In Support-Vector Machine (SVM) clustering, the goal is to find a hyper-plane which will cleanly divide the data-points (vectors of n-dimensions) into labelled groups, and to use that dividing line to predict future data. SVM is especially good for binary classification.
However, it might be the case that no such hyper-plane exists in n-dimensions (especially common if n is low, like 2 or 3). One interesting technique used to address this problem is to randomly assign each point a value in an additional dimension (e.g. in 2-d space, assign each data-point a random z-value, transforming the 2-d space into a new 3-d space in which it is more likely that a hyper-plane exists which will cleanly divide the data in two). I was wondering how effective this process is, and after thinking for awhile, I concluded that projecting the data into K+2 dimensions, where K is the size of the largest cluster of data-points, should guarantee that a hyperplane can cleanly divide the data in 2.
My reasoning is this:
Given n points in n+1 dimensional space, and that no set of 3 or more of the points are colinear (or I guess that no set of n+1 points are co-planar in n-dimensions), those points define a unique n-dimensional hyperplane.
Given a set of n hyperplanes with <K dimensions embedded in K+2 space, the probability of those hyperplanes intersecting is 0.
Both of these claims make sense to me intuitively, but I have no idea how to even begin to check the reasoning. The only support I can give for these claims is intuition and trial and error (e.g. it seems like the probability of two points intersecting in 2-d space is 0, and the probability of two lines intersecting in 3d space is 0). I'm annoyed because this reasoning (and my intuition) is not generalizable to higher-dimensions.
So yeah, can any of you prove (or disprove) this or perhaps tell me about what branch of geometry it would fall into? Or just explain how to formally state this.
It's nice to think of codimension for this sort of thing. The codimension of a subspace of $\mathbb R^n$ is defined to be $n$ minus the dimension of the subspace. So a line in 3-space has co-dimension 2, and a plane in 4-space has dimension 2 and codimension 2.
The great theorem is that if you have subspaces $U$ and $V$, the codimension of $U \cap V$ is the sum of the codimensions of $U$ and $V$ (in the "generic" case, i.e., avoiding things like the case in 3-space where $U$ is a plane and $V$ is a line that just happens to be completely contained in $U$ -- that's the non-generic case). [Special case: if the codimension is larger than the dimension of the ambient space, the intersection can still be the 0-dimensional subspace consisting of just the origin.] The big idea of non-generic cases is that they have probability zero under a uniform distribution on the (compact) set of $k$-planes in $n$ space. (The more general theorem is that in all cases, the codimension of $U \cap V$ is at most the sum of their codimensions.)

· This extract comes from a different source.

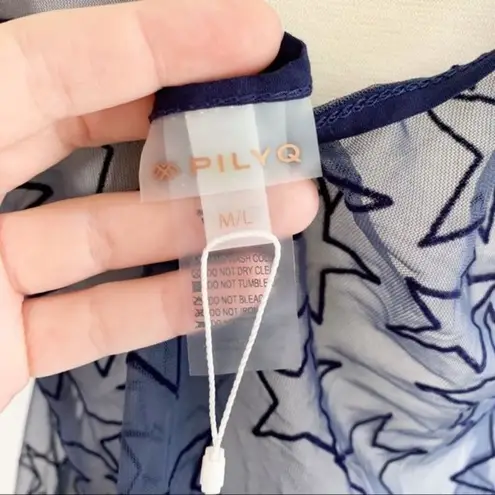 PilyQ Starry Dress in Starlight Swim Coverup Size M/L Navy Blue Medium Large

In your problem, you have $n$ codimension-two subspaces in $\mathbb R^K$, and you're assuming the "generic" case. So their intersection has codimension at least $2n$. If $n$ is at least $\lceil K/2 \rceil$, then the codimension of the intersection is at least $K$, so the intersection has dimension at most $0$, i.e., it consists of the single point $0$.
If $n$ is less than that number, then the codimension is no more than $2n$, so there's some nontrivial intersection in general.